In section 5.1 Linear systems in A First Course in Differential Equations, Second Edition by J. David Logan , there is an example, Example 5.4. Here you consider

$ x'=2y\\ y'=x $

and want to find the shape of the orbits the solutions have in the phase plane. In the book, they have simply divided the two equations to get

$\frac{y'}{x'}=\frac{dy/dt}{dx/dt}=\frac{dy}{dx}=\frac{x}{2y}$.
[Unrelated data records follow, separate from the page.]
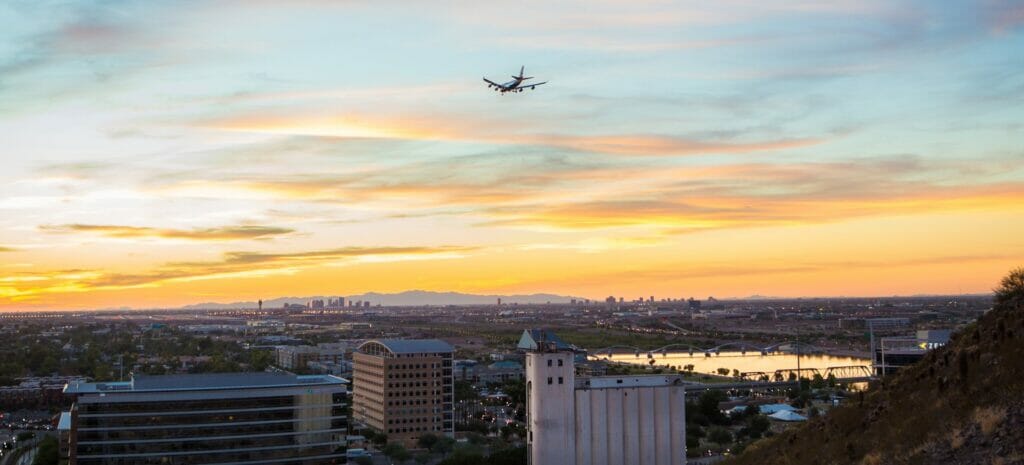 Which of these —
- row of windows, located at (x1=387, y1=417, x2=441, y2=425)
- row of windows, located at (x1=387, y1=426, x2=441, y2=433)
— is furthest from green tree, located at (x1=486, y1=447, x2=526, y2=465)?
row of windows, located at (x1=387, y1=417, x2=441, y2=425)

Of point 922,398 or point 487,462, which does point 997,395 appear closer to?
point 922,398

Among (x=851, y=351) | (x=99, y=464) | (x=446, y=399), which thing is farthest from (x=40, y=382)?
(x=851, y=351)

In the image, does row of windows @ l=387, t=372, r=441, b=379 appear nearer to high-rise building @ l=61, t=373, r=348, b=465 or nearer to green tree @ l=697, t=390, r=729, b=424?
green tree @ l=697, t=390, r=729, b=424

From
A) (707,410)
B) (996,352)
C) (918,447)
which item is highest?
(996,352)

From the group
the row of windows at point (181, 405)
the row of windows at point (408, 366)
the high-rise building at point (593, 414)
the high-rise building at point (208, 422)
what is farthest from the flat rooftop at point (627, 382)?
the row of windows at point (408, 366)

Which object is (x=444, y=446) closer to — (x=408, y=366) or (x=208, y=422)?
(x=408, y=366) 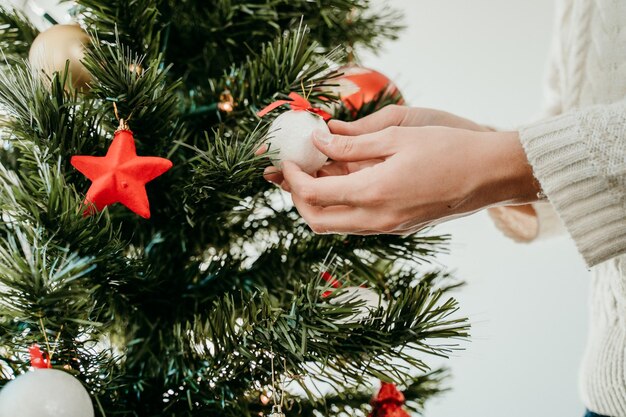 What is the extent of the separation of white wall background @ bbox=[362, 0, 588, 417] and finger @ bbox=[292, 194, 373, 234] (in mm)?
792

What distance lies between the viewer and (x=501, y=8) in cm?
138

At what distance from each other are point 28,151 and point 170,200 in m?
0.13

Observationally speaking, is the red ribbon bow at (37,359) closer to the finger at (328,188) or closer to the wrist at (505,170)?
the finger at (328,188)

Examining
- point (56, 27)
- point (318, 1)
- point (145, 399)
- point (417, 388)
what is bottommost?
point (145, 399)

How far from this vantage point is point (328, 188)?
463 mm

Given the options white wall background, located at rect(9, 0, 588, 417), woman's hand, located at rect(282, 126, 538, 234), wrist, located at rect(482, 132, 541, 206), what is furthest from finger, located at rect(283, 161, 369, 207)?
white wall background, located at rect(9, 0, 588, 417)

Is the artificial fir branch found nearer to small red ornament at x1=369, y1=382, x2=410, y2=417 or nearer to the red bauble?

The author also writes that he has used the chain rule: "Along an orbit $x=x(t), y=y(t)$ we also have $y$ as a function of $x$, or $y=y(x)$. Then the chain rule requires:

$\frac{dy}{dt}=\frac{dy}{dx}\frac{dx}{dt}$ or $\frac{dy/dt}{dx/dt}=\frac{dy}{dx}$.

We can obtain the orbits by solving the differential equation above by separation of variables, as is done in the book. One then obtains the curves

$\frac{1}{2}x^2 -y^2=C$.

This corresponds to a phase plot with a saddle point. The plot is similiar to:

Phase plot illustatiton1

Question:

The curves that crosses the positive $x_1$ axis does not appear to be functions of $x_1$. How can then the above use of the chain rule be justified, where we have used that $x_2=f(x_1)$ or equivalently $y=f(x)$?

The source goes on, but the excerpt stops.